Information supplied:

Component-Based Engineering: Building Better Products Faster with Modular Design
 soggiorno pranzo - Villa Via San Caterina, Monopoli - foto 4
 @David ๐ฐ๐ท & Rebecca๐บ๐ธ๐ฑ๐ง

* * *

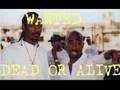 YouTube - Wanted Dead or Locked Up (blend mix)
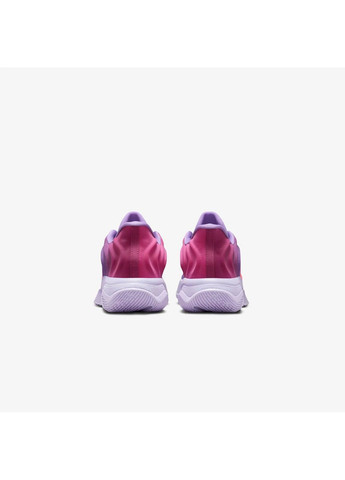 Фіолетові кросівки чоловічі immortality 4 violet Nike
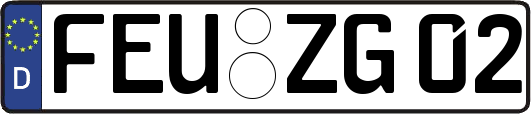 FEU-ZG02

---

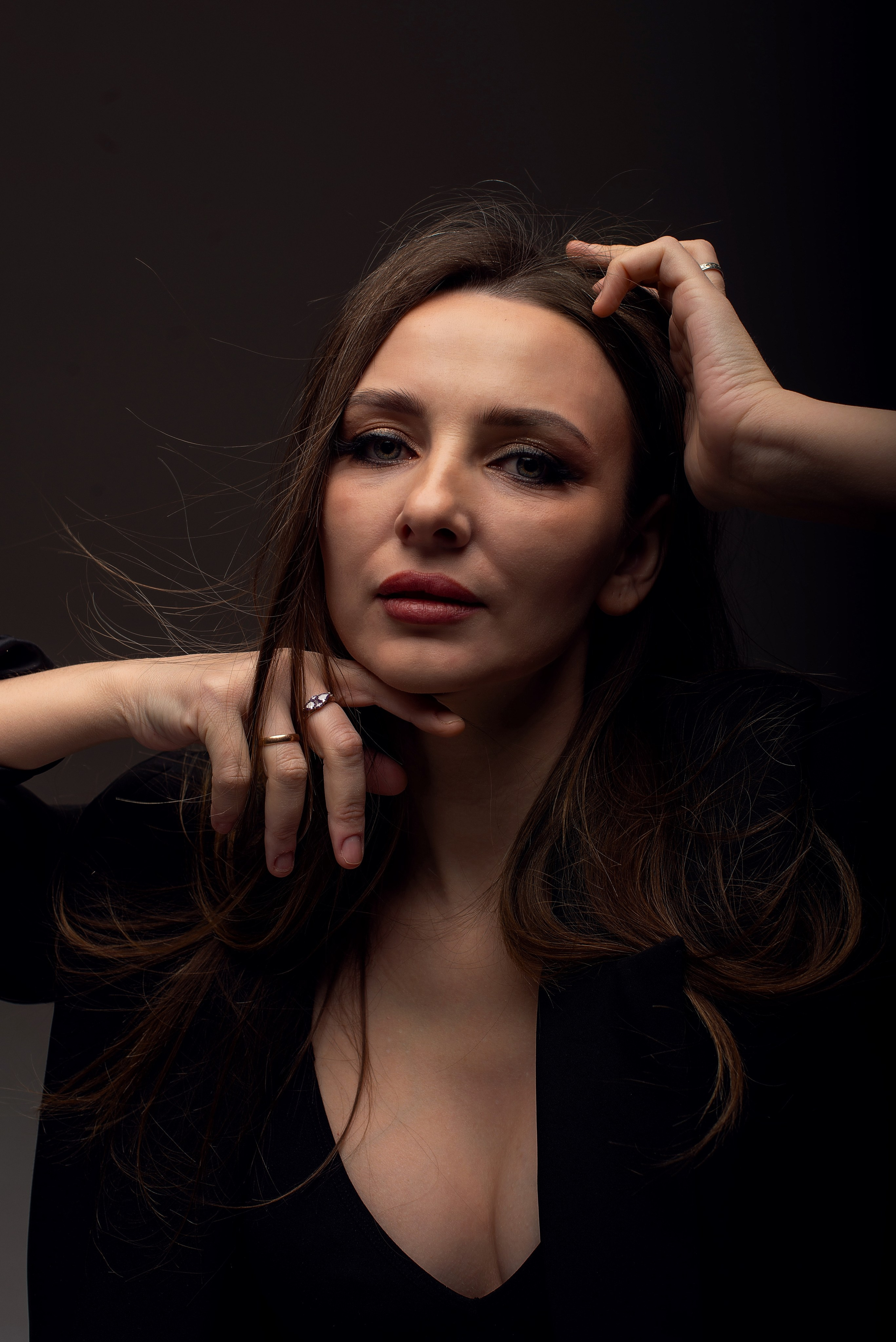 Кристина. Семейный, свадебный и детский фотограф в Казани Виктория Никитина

Problem statement: Every line above from the line with "Component-Based Engineering: Building" to the line with "๐ฐ๐ท & Rebecca๐บ๐ธ๐ฑ๐ง" is wanted, ends included; write them out exactly and add no other line.

Your solution:
Component-Based Engineering: Building Better Products Faster with Modular Design
 soggiorno pranzo - Villa Via San Caterina, Monopoli - foto 4
 @David ๐ฐ๐ท & Rebecca๐บ๐ธ๐ฑ๐ง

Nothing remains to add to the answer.